• What is required: Please copy every line from the following entries in which the word "High" appears.

• Supplied material:

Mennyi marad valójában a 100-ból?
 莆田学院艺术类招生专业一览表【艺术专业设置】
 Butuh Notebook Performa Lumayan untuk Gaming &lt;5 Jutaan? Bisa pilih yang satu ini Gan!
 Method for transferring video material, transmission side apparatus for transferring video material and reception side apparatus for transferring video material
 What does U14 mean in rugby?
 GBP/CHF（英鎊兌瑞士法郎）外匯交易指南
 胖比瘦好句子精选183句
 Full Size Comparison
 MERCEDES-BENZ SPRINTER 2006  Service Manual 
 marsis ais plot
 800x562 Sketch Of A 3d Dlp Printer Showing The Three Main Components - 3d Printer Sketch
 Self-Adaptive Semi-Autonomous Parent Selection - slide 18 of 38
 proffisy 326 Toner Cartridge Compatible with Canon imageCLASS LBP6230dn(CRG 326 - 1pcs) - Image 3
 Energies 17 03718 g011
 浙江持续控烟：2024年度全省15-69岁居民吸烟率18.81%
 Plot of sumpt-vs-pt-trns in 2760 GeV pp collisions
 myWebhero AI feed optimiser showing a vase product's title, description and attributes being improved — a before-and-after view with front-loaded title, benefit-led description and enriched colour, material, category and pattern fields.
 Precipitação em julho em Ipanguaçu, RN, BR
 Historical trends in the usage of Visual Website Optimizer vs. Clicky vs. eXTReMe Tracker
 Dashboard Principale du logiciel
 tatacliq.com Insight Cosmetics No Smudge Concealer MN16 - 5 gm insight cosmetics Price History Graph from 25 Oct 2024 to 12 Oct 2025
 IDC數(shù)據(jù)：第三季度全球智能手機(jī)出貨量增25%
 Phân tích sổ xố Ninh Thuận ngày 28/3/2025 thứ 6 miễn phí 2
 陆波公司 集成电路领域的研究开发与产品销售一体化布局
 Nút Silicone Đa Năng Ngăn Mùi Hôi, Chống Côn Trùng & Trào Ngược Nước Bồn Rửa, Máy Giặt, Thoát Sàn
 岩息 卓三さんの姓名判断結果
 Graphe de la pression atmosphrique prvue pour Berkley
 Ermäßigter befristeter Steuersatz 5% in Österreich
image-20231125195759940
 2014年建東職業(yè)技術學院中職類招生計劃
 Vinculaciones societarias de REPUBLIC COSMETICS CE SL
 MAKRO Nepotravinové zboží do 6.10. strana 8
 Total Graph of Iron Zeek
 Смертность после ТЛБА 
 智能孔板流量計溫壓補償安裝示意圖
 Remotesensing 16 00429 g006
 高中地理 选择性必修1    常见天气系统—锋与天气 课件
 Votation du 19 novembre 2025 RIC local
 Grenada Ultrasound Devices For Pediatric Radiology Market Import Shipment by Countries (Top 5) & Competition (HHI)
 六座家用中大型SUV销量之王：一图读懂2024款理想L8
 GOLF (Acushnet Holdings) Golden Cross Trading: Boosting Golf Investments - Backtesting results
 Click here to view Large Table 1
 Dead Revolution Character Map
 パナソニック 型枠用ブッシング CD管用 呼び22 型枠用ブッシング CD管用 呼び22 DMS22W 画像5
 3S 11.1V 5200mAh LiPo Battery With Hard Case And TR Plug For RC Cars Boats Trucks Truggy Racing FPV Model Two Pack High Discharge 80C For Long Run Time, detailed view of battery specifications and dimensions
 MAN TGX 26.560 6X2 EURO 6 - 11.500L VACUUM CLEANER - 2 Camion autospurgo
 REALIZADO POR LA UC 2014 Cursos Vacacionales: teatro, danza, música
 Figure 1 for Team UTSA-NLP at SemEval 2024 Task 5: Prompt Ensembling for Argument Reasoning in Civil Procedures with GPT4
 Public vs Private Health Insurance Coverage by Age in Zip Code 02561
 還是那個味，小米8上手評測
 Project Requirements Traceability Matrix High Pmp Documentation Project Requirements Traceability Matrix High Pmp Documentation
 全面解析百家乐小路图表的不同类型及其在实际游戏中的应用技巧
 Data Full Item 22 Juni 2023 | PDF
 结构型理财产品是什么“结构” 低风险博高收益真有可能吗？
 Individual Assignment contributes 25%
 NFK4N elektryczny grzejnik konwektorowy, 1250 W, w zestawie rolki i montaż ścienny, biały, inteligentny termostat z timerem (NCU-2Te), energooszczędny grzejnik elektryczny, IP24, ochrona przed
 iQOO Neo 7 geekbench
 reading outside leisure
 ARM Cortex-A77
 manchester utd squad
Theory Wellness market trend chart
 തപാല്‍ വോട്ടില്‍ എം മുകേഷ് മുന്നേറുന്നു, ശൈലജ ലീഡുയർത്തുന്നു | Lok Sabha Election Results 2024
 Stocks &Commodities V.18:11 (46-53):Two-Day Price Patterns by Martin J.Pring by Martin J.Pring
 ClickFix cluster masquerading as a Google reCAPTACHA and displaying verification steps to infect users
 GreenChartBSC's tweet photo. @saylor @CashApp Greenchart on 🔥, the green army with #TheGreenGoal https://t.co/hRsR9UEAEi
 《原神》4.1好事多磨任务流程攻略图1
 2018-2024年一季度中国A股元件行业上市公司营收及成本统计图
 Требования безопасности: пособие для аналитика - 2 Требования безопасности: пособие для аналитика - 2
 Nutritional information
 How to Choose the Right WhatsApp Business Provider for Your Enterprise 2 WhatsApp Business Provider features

• Solution for this task:
 3S 11.1V 5200mAh LiPo Battery With Hard Case And TR Plug For RC Cars Boats Trucks Truggy Racing FPV Model Two Pack High Discharge 80C For Long Run Time, detailed view of battery specifications and dimensions
 Project Requirements Traceability Matrix High Pmp Documentation Project Requirements Traceability Matrix High Pmp Documentation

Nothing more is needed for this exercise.